For those actually interested in the film, it has been cleanly transferred to disc, maintaining that hazy blue wash that blankets most of the visuals and the very loud sound design. But if one must sit through the feature, it would be advisable to do so only with the running commentary by Christian and production designer Patrick Tatopoulos. This isn’t so much because they impart terribly valuable insight; they are spirited enough speakers, but Tatopoulos has a tendency to get giggly (and how could he not, given the film on which he’s commenting), and Christian uses the “it’s supposed to be a comic strip” defense for the film way too many times, and with no further elaboration. What distinguishes the commentary is its unspecified special feature akin to the “Follow the white rabbit” option on the DVD for The Matrix . During certain scenes, a symbol appears, and when clicked, the viewer is taken to either behind-the-scenes B-roll footage of the corresponding scene or footage that shows the development of featured effects. The behind-the-scenes footage is mostly useless, but the FX shots are interesting.
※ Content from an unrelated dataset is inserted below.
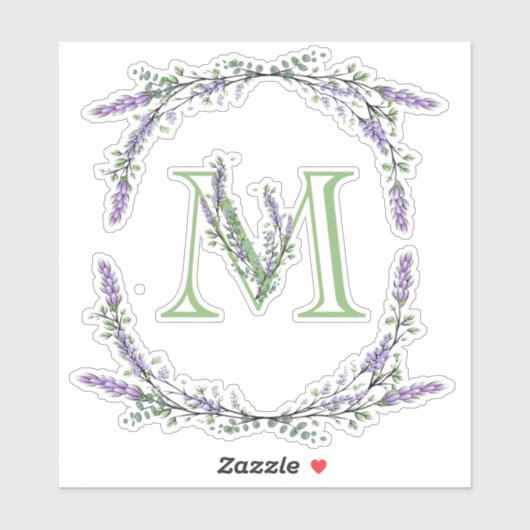 Sticker Monogramme M Lavender Eucalyptus (Feuille)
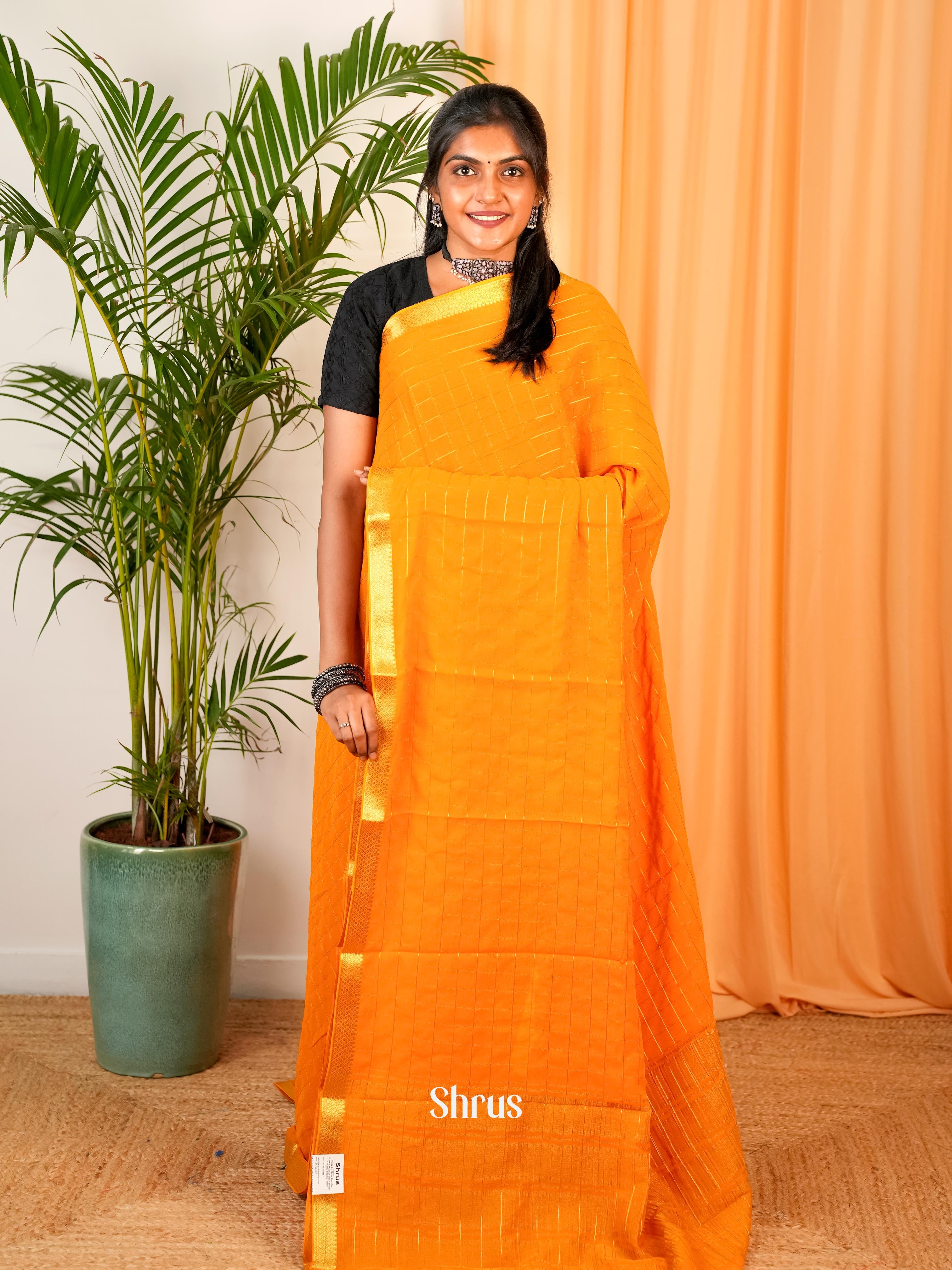 Orange- Semi Mysoresilk Saree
In addition to these embedded making-of bits (a couple of which are also hidden on the menus), there are three featurettes. One, “Evolution and Creation,” is about a half-hour long and was obviously designed for air on television for infotainment/promo purposes; the other two–one featuring Travolta’s makeup test for his role as the villainous alien Terl, the other focusing on visual effects work–are much shorter and appear to have been taken from the electronic press kit. All three provide some useful information though the real purpose is obviously to sell the picture. Better is a collection of storyboards for selected scenes; these aren’t navigable still images as on most DVDs, but rather edited-together and scored montages that ends each storyboard section with the completed scenes.
The other supplements on the disc are mostly the usual: theatrical trailers and TV spots and text cast and crew biographies. However, there is also a short written piece on the global popularity of the Hubbard novel; while blatantly self-congratulatory, it is also a nice capper to this well-assembled disc, if only because it at least gives some concrete justification for this execrable film’s existence.
Specifications: 2.35:1 anamorphic widescreen; English and French 5.1 Surround; English and French subtitles; English closed captioning.